___ DATA FOR ANALYSIS ___
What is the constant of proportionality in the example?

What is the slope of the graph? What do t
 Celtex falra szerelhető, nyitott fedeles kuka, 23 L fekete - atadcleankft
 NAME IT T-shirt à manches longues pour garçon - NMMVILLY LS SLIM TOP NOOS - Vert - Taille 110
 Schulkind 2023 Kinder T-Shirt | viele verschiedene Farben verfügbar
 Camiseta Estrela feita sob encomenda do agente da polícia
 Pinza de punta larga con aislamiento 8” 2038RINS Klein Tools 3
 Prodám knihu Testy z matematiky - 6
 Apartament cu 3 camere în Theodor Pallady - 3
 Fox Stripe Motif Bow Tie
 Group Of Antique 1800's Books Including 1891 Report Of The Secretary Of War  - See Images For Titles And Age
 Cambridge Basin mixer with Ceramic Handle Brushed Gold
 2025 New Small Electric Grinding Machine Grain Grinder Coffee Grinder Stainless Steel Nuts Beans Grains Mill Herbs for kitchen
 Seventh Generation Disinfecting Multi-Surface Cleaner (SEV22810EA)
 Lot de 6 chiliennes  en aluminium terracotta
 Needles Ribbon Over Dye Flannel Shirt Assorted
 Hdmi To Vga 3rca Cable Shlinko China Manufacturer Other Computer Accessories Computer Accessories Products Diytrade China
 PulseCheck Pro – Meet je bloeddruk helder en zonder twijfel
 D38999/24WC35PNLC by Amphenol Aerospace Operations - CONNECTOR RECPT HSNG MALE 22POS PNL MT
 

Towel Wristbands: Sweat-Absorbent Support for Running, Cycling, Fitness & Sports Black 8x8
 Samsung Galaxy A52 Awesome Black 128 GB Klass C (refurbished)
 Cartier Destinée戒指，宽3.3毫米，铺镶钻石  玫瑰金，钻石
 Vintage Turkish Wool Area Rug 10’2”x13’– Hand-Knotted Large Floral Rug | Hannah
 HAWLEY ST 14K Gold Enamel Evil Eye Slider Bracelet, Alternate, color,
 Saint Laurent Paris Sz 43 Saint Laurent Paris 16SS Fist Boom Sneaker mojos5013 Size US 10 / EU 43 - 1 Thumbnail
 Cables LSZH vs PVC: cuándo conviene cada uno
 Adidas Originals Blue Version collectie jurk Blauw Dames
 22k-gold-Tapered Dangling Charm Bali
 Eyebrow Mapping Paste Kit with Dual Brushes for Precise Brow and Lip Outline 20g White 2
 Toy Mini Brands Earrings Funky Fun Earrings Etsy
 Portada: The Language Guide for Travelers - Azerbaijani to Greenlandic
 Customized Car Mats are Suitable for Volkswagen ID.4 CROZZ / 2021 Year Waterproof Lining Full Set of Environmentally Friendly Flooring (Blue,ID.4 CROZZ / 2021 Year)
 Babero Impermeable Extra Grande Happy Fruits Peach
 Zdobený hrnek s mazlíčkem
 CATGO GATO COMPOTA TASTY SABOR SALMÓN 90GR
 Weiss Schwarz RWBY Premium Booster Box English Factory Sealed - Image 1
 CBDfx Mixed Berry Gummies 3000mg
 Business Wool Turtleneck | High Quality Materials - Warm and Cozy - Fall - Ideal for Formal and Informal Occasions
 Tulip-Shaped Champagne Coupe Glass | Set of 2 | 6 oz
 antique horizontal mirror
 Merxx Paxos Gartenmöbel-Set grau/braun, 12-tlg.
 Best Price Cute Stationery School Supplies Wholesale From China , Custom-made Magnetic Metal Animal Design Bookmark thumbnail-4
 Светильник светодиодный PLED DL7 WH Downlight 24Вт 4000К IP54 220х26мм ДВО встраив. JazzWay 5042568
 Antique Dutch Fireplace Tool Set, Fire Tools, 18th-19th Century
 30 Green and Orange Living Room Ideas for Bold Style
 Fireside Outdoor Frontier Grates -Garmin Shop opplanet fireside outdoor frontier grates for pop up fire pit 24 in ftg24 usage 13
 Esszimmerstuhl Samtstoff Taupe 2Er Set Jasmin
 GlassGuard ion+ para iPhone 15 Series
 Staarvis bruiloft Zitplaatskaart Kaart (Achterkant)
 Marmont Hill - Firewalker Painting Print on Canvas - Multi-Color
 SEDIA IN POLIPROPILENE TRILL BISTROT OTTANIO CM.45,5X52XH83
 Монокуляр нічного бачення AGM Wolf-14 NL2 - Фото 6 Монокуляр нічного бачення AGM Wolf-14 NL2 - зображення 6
___
## TASK DIRECTIONS
Write out the data above once more, exactly as it reads.

## RESULT OF THIS TASK
What is the constant of proportionality in the example?

What is the slope of the graph? What do t
 Celtex falra szerelhető, nyitott fedeles kuka, 23 L fekete - atadcleankft
 NAME IT T-shirt à manches longues pour garçon - NMMVILLY LS SLIM TOP NOOS - Vert - Taille 110
 Schulkind 2023 Kinder T-Shirt | viele verschiedene Farben verfügbar
 Camiseta Estrela feita sob encomenda do agente da polícia
 Pinza de punta larga con aislamiento 8” 2038RINS Klein Tools 3
 Prodám knihu Testy z matematiky - 6
 Apartament cu 3 camere în Theodor Pallady - 3
 Fox Stripe Motif Bow Tie
 Group Of Antique 1800's Books Including 1891 Report Of The Secretary Of War  - See Images For Titles And Age
 Cambridge Basin mixer with Ceramic Handle Brushed Gold
 2025 New Small Electric Grinding Machine Grain Grinder Coffee Grinder Stainless Steel Nuts Beans Grains Mill Herbs for kitchen
 Seventh Generation Disinfecting Multi-Surface Cleaner (SEV22810EA)
 Lot de 6 chiliennes  en aluminium terracotta
 Needles Ribbon Over Dye Flannel Shirt Assorted
 Hdmi To Vga 3rca Cable Shlinko China Manufacturer Other Computer Accessories Computer Accessories Products Diytrade China
 PulseCheck Pro – Meet je bloeddruk helder en zonder twijfel
 D38999/24WC35PNLC by Amphenol Aerospace Operations - CONNECTOR RECPT HSNG MALE 22POS PNL MT
 

Towel Wristbands: Sweat-Absorbent Support for Running, Cycling, Fitness & Sports Black 8x8
 Samsung Galaxy A52 Awesome Black 128 GB Klass C (refurbished)
 Cartier Destinée戒指，宽3.3毫米，铺镶钻石  玫瑰金，钻石
 Vintage Turkish Wool Area Rug 10’2”x13’– Hand-Knotted Large Floral Rug | Hannah
 HAWLEY ST 14K Gold Enamel Evil Eye Slider Bracelet, Alternate, color,
 Saint Laurent Paris Sz 43 Saint Laurent Paris 16SS Fist Boom Sneaker mojos5013 Size US 10 / EU 43 - 1 Thumbnail
 Cables LSZH vs PVC: cuándo conviene cada uno
 Adidas Originals Blue Version collectie jurk Blauw Dames
 22k-gold-Tapered Dangling Charm Bali
 Eyebrow Mapping Paste Kit with Dual Brushes for Precise Brow and Lip Outline 20g White 2
 Toy Mini Brands Earrings Funky Fun Earrings Etsy
 Portada: The Language Guide for Travelers - Azerbaijani to Greenlandic
 Customized Car Mats are Suitable for Volkswagen ID.4 CROZZ / 2021 Year Waterproof Lining Full Set of Environmentally Friendly Flooring (Blue,ID.4 CROZZ / 2021 Year)
 Babero Impermeable Extra Grande Happy Fruits Peach
 Zdobený hrnek s mazlíčkem
 CATGO GATO COMPOTA TASTY SABOR SALMÓN 90GR
 Weiss Schwarz RWBY Premium Booster Box English Factory Sealed - Image 1
 CBDfx Mixed Berry Gummies 3000mg
 Business Wool Turtleneck | High Quality Materials - Warm and Cozy - Fall - Ideal for Formal and Informal Occasions
 Tulip-Shaped Champagne Coupe Glass | Set of 2 | 6 oz
 antique horizontal mirror
 Merxx Paxos Gartenmöbel-Set grau/braun, 12-tlg.
 Best Price Cute Stationery School Supplies Wholesale From China , Custom-made Magnetic Metal Animal Design Bookmark thumbnail-4
 Светильник светодиодный PLED DL7 WH Downlight 24Вт 4000К IP54 220х26мм ДВО встраив. JazzWay 5042568
 Antique Dutch Fireplace Tool Set, Fire Tools, 18th-19th Century
 30 Green and Orange Living Room Ideas for Bold Style
 Fireside Outdoor Frontier Grates -Garmin Shop opplanet fireside outdoor frontier grates for pop up fire pit 24 in ftg24 usage 13
 Esszimmerstuhl Samtstoff Taupe 2Er Set Jasmin
 GlassGuard ion+ para iPhone 15 Series
 Staarvis bruiloft Zitplaatskaart Kaart (Achterkant)
 Marmont Hill - Firewalker Painting Print on Canvas - Multi-Color
 SEDIA IN POLIPROPILENE TRILL BISTROT OTTANIO CM.45,5X52XH83
 Монокуляр нічного бачення AGM Wolf-14 NL2 - Фото 6 Монокуляр нічного бачення AGM Wolf-14 NL2 - зображення 6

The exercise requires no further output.